Work request: From the line below that contains "Flint and Tinder: James" to the line that contains "airBaltic Bombardier DHC-8-402Q", repeat every line exactly, both ends included, and nothing else.

Extracted material:
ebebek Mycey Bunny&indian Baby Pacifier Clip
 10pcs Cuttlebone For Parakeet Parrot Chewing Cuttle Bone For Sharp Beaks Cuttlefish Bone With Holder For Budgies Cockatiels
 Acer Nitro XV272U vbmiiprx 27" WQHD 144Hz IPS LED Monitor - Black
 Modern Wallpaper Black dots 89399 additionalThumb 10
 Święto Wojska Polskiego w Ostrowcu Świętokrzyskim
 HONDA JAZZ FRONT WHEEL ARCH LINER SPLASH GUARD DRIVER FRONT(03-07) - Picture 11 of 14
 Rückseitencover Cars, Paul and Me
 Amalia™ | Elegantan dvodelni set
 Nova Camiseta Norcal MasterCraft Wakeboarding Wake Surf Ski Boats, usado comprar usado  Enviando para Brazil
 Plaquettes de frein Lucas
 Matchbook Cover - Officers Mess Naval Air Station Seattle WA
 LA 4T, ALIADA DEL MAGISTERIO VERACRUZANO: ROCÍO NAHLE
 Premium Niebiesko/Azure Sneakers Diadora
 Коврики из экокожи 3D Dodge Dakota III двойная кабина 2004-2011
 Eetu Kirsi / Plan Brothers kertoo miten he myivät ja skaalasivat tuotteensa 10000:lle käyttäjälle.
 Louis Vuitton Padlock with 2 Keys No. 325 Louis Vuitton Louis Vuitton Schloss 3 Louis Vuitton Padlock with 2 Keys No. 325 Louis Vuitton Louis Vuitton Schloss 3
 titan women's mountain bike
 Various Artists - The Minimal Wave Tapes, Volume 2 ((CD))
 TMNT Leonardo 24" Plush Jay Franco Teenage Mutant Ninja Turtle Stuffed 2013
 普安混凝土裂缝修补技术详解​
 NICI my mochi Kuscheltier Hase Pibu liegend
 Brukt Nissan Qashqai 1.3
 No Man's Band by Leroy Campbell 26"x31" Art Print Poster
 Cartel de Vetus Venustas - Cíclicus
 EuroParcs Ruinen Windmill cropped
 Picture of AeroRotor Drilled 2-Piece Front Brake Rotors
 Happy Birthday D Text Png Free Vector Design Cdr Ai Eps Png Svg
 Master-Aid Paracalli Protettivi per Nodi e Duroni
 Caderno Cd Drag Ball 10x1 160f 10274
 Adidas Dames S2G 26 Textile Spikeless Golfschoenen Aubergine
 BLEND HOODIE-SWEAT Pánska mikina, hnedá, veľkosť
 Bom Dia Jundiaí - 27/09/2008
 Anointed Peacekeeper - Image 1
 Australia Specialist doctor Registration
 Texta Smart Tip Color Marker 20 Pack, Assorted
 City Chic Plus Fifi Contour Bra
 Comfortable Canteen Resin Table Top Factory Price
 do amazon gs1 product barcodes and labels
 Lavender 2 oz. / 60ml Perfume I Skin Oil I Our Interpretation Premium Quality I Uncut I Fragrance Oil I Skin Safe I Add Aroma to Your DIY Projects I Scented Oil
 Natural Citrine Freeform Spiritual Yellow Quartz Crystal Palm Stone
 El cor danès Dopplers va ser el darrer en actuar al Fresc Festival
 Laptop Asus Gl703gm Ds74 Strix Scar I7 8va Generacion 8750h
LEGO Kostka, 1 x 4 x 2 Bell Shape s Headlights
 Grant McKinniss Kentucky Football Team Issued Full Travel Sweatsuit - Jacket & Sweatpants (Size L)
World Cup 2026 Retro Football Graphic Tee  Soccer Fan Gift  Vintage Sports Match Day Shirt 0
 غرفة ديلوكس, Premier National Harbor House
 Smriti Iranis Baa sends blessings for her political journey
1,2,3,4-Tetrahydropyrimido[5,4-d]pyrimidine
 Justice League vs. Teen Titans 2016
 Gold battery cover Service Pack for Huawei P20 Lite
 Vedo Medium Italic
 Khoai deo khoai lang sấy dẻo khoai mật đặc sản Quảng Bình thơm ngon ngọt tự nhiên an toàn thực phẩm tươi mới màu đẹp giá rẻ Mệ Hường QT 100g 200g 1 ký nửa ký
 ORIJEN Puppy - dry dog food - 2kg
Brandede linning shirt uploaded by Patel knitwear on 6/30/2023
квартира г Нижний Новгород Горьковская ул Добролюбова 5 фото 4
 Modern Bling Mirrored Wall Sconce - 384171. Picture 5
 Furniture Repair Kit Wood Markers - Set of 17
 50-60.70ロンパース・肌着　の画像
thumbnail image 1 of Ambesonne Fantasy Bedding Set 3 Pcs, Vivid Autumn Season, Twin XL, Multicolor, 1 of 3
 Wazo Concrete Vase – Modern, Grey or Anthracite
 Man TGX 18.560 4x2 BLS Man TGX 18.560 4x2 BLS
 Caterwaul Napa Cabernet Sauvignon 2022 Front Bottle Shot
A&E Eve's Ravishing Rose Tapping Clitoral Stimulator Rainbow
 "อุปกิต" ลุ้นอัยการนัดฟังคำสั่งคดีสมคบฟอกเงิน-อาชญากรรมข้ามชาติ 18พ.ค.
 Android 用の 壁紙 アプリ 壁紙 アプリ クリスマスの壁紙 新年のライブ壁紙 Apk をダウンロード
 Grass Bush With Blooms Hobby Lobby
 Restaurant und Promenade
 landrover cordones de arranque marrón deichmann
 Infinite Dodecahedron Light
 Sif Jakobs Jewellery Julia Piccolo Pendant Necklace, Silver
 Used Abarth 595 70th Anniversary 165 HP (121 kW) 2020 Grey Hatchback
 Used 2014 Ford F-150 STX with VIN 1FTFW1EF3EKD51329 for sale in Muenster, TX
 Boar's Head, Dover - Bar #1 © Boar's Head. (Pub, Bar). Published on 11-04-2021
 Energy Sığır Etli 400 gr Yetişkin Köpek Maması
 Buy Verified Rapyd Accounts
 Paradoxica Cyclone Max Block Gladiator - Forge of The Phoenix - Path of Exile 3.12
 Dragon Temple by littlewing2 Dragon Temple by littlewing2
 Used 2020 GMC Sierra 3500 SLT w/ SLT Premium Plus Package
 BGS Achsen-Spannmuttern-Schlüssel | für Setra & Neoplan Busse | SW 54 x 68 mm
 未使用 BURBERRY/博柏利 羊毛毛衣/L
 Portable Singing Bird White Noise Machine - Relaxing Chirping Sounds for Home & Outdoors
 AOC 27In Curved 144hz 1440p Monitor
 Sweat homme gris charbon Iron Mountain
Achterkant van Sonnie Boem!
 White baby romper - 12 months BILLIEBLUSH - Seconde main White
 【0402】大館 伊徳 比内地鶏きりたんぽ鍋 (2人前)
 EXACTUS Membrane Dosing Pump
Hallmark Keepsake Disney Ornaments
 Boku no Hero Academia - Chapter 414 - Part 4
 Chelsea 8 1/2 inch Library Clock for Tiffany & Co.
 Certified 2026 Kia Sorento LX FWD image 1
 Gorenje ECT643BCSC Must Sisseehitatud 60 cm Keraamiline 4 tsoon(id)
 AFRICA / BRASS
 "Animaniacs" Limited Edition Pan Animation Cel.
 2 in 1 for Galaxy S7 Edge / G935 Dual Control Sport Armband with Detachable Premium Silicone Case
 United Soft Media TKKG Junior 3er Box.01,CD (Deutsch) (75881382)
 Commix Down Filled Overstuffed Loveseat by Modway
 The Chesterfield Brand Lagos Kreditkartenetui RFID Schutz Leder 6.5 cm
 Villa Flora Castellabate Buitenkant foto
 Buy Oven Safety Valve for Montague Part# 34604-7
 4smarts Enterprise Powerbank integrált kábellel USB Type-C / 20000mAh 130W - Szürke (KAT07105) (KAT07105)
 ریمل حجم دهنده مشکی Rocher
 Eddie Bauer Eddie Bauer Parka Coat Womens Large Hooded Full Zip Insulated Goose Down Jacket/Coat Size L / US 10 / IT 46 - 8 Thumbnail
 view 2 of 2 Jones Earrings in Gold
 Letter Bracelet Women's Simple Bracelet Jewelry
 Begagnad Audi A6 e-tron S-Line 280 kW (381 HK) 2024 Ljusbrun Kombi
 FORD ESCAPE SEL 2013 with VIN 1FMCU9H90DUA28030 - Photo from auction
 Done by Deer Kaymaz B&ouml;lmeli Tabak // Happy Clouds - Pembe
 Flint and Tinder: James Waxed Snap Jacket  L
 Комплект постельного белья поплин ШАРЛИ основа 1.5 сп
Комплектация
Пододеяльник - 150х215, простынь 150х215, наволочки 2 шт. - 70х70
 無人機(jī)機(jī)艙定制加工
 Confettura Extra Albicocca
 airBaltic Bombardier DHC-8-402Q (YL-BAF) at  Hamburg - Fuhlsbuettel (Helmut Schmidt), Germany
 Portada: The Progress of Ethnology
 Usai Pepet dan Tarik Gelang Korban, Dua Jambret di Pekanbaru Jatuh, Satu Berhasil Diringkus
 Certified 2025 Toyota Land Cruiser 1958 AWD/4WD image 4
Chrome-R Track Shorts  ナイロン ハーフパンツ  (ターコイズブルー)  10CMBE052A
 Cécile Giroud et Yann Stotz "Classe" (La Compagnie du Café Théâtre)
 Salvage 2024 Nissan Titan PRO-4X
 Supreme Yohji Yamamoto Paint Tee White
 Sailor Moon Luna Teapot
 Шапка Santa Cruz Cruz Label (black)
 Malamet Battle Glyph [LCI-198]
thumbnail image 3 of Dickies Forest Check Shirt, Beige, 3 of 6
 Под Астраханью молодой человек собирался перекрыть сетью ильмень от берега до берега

Final answer:
 Flint and Tinder: James Waxed Snap Jacket  L
 Комплект постельного белья поплин ШАРЛИ основа 1.5 сп
Комплектация
Пододеяльник - 150х215, простынь 150х215, наволочки 2 шт. - 70х70
 無人機(jī)機(jī)艙定制加工
 Confettura Extra Albicocca
 airBaltic Bombardier DHC-8-402Q (YL-BAF) at  Hamburg - Fuhlsbuettel (Helmut Schmidt), Germany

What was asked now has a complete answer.